If \(\mathrm{int}\,(\mathbf {K}_t)\ne \emptyset \) for every \(t\in T\) and \(\mathbf {K}_\mathbf {x}:=\{\mathbf {y}:(\mathbf {x},\mathbf {y})\in \mathbf {K}\,\}\ne \emptyset \) for every \(\mathbf {x}\in \mathbf {B}\), then the analogue of Theorem 5 is valid (in fact, sets \(\mathbf {K}_{t}\) with empty interior may also be tolerated).
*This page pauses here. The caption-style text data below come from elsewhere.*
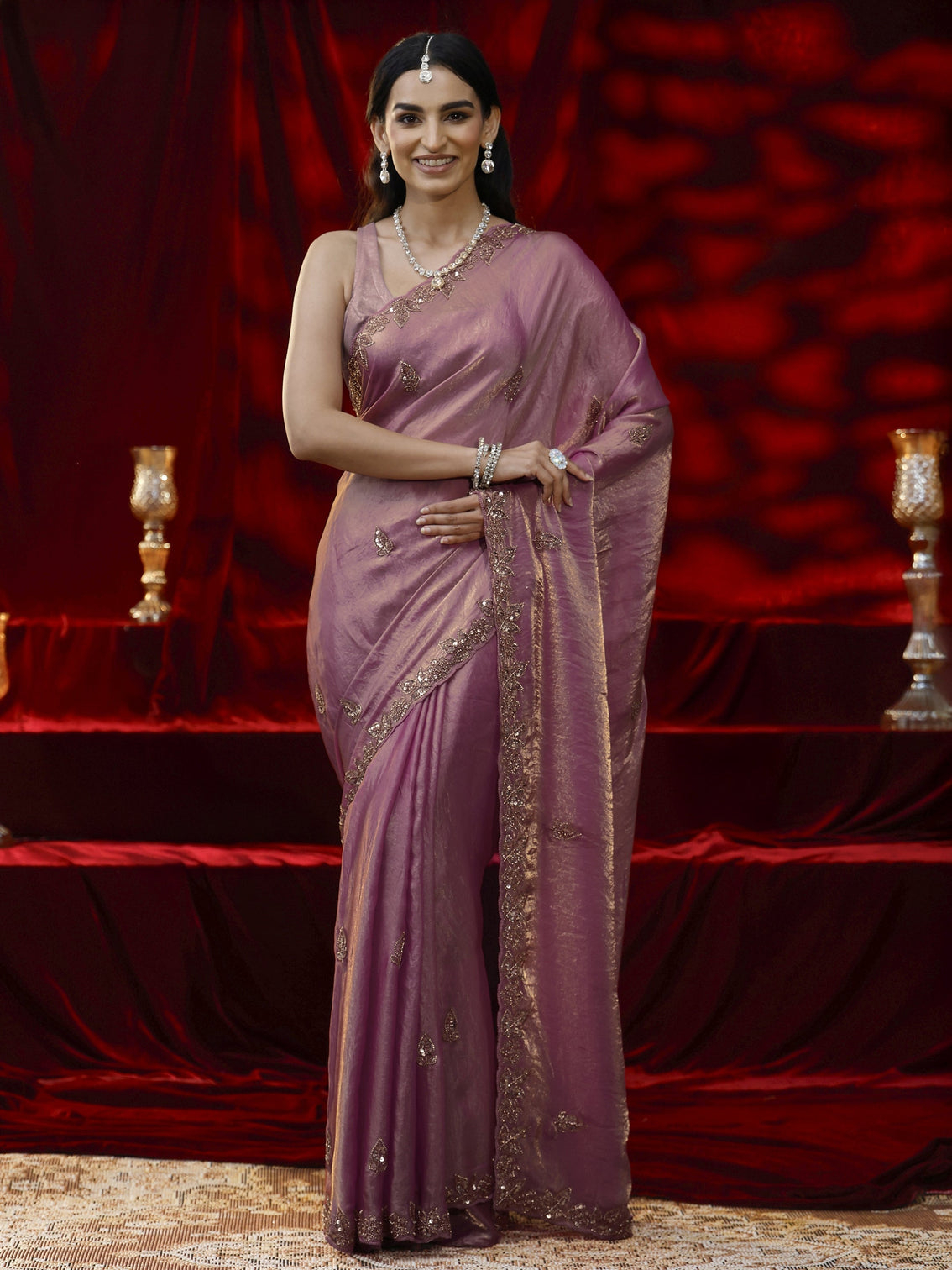 Mameraa Pink Embellished Tissue Saree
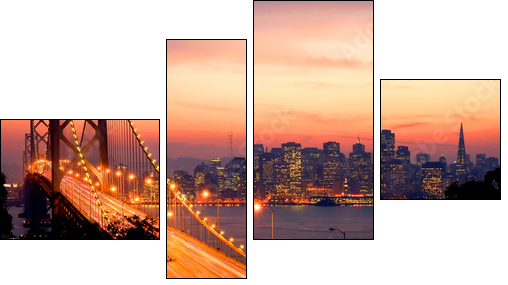 Złote bramy San Francisco 
 - Obraz czteroczęściowy, Fortyk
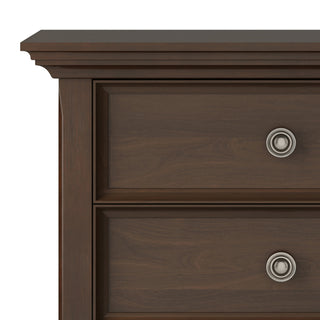 Sunvega Natural Aged Brown Solid Wood Bedside Table with Two Spacious Drawers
Namely, the semidefinite program (25) has an optimal solution \(p^*_k\in \mathbb {R}[\mathbf {x}]_{2k}\) with the desired convergence property:

$$\begin{aligned} \lim _{k\rightarrow \infty }\,\int _\mathbf {B}\vert p^*_{k}(\mathbf {x})-\overline{J_f}(\mathbf {x})\vert \,d\mathbf {x}\,=\,0\quad \mathrm{[}{Convergence\, in}\,\, L_1(\mathbf {B})\mathrm{]}. \end{aligned}$$

5 Conclusion

We have seen how to approximate some semi-algebraic sets defined with quantifiers by a monotone sequence of sublevel sets associated with appropriate polynomials of increasing degree. Each polynomial of the sequence is computed by solving a semidefinite program whose size increases with the degree of the polynomial and convergence of the approximations takes place in a strong sense. Several extensions have also been provided. Of course, solving the resulting hierarchy of semidefinite programs is computationally expensive and so far, in its present form the methodology is limited to problems of modest size only. Fortunately, larger size problems with some structured sparsity pattern can be attacked by applying techniques already used in [16]. However, evaluating (and improving) the efficiency of this methodology on a sample of problems of significant size is a topic of further investigation.